In mathematics and physics, the Metropolis-Hastings algorithm is an algorithm to generate a sequence of samples from the joint distribution of two or more variables. The purpose of such a sequence is to approximate the joint distribution (as with a histogram), or to compute an integral (such as an expected value). This algorithm is an example of a Markov chain Monte Carlo algorithm. It is a generalization of the Metropolis algorithm suggested by Hastings (citation below). The Gibbs sampling algorithm is a special case of the Metropolis-Hastings algorithm.
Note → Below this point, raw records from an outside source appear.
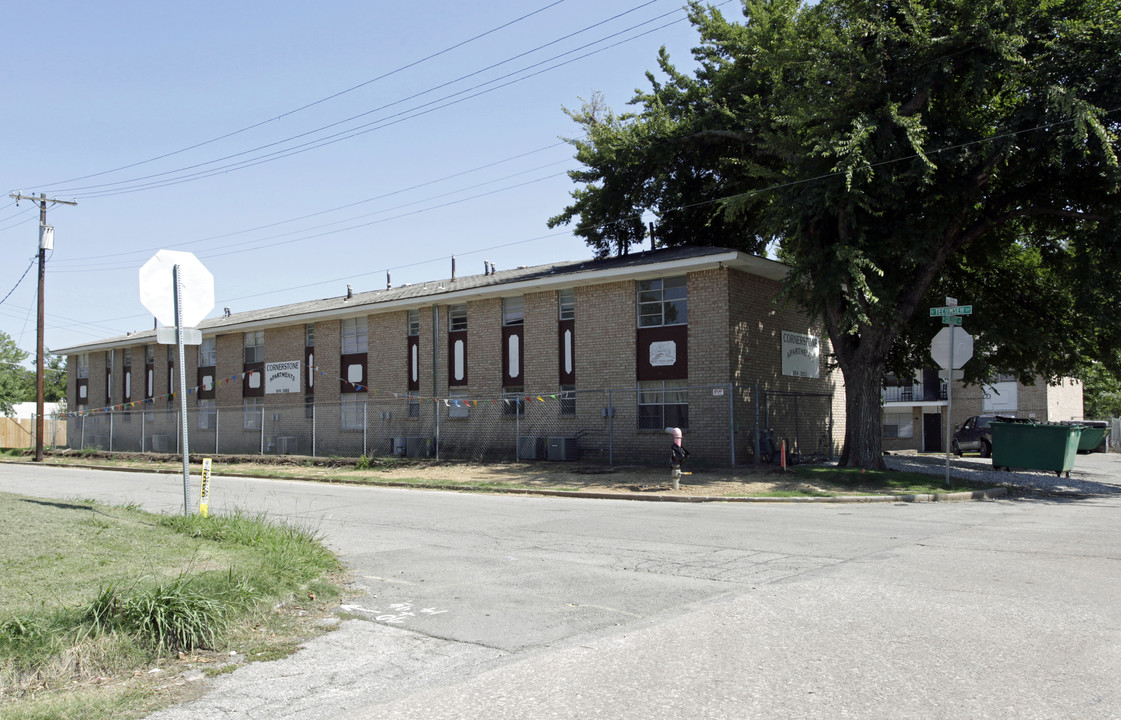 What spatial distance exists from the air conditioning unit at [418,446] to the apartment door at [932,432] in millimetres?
29407

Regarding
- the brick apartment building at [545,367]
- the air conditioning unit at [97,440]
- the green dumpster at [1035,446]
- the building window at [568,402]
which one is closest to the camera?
the green dumpster at [1035,446]

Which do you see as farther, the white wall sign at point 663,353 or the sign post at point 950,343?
the white wall sign at point 663,353

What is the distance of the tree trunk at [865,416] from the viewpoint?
20453 mm

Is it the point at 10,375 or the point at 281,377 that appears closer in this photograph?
the point at 281,377

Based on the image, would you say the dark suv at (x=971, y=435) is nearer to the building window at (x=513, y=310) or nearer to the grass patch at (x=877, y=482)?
the grass patch at (x=877, y=482)

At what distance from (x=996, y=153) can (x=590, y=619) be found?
16.1 m

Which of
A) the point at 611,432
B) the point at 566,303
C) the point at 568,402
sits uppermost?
the point at 566,303

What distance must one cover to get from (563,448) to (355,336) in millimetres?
11762

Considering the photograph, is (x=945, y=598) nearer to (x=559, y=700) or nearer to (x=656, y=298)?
(x=559, y=700)

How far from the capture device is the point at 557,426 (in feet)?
84.7

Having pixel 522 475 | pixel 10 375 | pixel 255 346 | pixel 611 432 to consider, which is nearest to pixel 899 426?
pixel 611 432

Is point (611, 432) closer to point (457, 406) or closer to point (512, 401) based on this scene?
point (512, 401)

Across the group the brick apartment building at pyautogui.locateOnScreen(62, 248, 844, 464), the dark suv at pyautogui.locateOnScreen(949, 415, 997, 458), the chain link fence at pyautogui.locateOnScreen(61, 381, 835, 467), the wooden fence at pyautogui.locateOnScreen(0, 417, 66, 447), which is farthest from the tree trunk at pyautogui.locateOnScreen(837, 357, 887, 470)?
the wooden fence at pyautogui.locateOnScreen(0, 417, 66, 447)

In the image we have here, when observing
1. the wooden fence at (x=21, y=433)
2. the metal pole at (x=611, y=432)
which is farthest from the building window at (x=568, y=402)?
the wooden fence at (x=21, y=433) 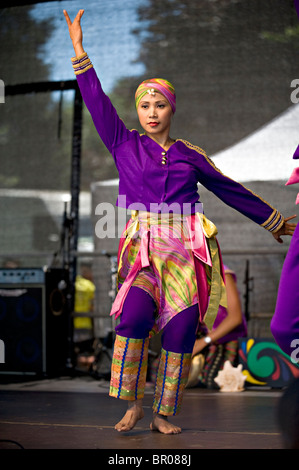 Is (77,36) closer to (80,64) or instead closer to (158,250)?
(80,64)

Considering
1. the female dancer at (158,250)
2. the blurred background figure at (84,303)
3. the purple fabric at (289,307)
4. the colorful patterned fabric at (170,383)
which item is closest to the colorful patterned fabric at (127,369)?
the female dancer at (158,250)

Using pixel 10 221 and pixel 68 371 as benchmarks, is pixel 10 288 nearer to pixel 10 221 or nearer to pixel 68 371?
pixel 68 371

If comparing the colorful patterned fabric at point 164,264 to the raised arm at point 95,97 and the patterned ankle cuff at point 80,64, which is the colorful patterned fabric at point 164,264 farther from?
the patterned ankle cuff at point 80,64

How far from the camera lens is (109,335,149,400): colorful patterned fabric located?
2752 mm

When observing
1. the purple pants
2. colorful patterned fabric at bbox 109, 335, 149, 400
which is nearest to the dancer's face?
the purple pants

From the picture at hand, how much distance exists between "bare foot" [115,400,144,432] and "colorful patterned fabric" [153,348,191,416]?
0.08 meters

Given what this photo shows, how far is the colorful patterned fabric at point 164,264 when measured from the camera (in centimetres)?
285

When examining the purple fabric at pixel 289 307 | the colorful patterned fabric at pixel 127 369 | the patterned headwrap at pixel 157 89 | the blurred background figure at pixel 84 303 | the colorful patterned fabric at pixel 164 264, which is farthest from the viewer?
the blurred background figure at pixel 84 303

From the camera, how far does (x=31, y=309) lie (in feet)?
17.7

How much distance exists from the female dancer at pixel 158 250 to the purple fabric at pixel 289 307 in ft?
2.20

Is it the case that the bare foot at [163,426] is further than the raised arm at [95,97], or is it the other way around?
the raised arm at [95,97]

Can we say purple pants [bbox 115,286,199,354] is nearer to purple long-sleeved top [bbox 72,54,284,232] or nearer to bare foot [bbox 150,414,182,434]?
bare foot [bbox 150,414,182,434]

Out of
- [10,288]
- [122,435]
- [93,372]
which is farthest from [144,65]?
[122,435]

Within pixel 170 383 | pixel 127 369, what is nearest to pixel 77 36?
pixel 127 369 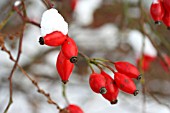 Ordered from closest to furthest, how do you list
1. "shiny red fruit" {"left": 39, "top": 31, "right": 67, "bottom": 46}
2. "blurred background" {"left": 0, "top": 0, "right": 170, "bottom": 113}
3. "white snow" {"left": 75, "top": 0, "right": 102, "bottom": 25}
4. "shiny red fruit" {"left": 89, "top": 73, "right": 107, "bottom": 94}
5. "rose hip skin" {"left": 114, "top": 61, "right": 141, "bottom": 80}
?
1. "shiny red fruit" {"left": 39, "top": 31, "right": 67, "bottom": 46}
2. "shiny red fruit" {"left": 89, "top": 73, "right": 107, "bottom": 94}
3. "rose hip skin" {"left": 114, "top": 61, "right": 141, "bottom": 80}
4. "blurred background" {"left": 0, "top": 0, "right": 170, "bottom": 113}
5. "white snow" {"left": 75, "top": 0, "right": 102, "bottom": 25}

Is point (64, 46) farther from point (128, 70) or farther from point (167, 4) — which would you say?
point (167, 4)

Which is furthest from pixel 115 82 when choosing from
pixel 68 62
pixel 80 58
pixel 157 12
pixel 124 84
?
pixel 80 58

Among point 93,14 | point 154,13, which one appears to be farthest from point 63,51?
point 93,14

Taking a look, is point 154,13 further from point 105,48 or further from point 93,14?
point 93,14

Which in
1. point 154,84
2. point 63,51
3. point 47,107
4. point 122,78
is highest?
point 63,51

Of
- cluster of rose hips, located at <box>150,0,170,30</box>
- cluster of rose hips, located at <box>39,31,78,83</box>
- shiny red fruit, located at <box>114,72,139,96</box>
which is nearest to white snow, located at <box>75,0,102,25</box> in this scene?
cluster of rose hips, located at <box>150,0,170,30</box>

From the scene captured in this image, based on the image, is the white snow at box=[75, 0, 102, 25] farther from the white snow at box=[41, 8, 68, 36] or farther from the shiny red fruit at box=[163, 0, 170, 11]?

The Metropolis-Hastings algorithm can draw samples from any probability distribution $p(x)$ , requiring only that the density can be calculated at $x$ . The algorithm generates a set of states $x^{t}$ which is a Markov chain because each state $x^{t}$ depends only on the previous state $x^{t-1}$ . The algorithm depends on the creation of a proposal density $Q(x';x^{t})$ , which depends on the current state $x^{t}$ and which can generate a new proposed sample $x'$ . For example, the proposal density could be a Gaussian function centred on the current state $x^{t}$

Q(x';x^{t})\sim N(x'-x^{t},\sigma ^{2}I)

reading $Q(x';x^{t})$ as the probability of generating $x'$ given the previous value $x^{t}$ .

This proposal density would generate samples centred around the current state with variance $\sigma ^{2}I$ . So we draw a new proposal state $x'$ with probability $Q(x';x^{t})$ and then calculate a value

a=a_{1}a_{2}\,

where

a_{1}={\frac {P(x')}{P(x^{t})}}

is the likelihood ratio between the proposed sample $x'$ and the previous sample $x^{t}$ , and

a_{2}={\frac {Q(x^{t};x')}{Q(x';x^{t})}}

is the ratio of the proposal density in two directions (from $x^{t}$ to $x'$ and vice versa). This is equal to 1 if the proposal density is symmetric. Then the new state $x^{t+1}$ is chosen with the rule

x^{t+1}=\left\{{\begin{matrix}x'&{\mbox{if }}a>1\\x'{\mbox{ with probability }}a,&{\mbox{if }}a<1\end{matrix}}\right.

The Markov chain is started from a random initial value $x^{0}$ and the algorithm is run for a few thousand iterations so that this initial state is "forgotten". These samples, which are discarded, are known as burn-in. The algorithm works best if the proposal density matches the shape of the target distribution $p(x)$ , that is $Q(x';x^{t})\approx p(x')$ , but in most cases this is unknown. If a Gaussian proposal is used the variance parameter $\sigma ^{2}$ has to be tuned during the burn-in period. This is usually done by calculating the acceptance rate, which is the fraction of proposed samples that is accepted in a window of the last $N$ samples. This is usually set to be around 60%. If the proposal steps are too small the chain will mix slowly (i.e., it will move around the space slowly and converge slowly to $p(x)$ ). If the proposal steps are too large the acceptance rate will be very low because the proposals are likely to land in regions of much lower probability density so $a_{1}$ will be very small.

References

Chib, Siddhartha and Edward Greenberg: "Understanding the Metropolis–Hastings Algorithm". American Statistician, 49, 327–335, 1995
W.K. Hastings. "Monte Carlo Sampling Methods Using Markov Chains and Their Applications", Biometrika, 57:97-109, 1970.
N. Metropolis, A.W. Rosenbluth, M.N. Rosenbluth, A.H. Teller, and E. Teller. "Equations of State Calculations by Fast Computing Machines". Journal of Chemical Physics, 21:1087-1091, 1953.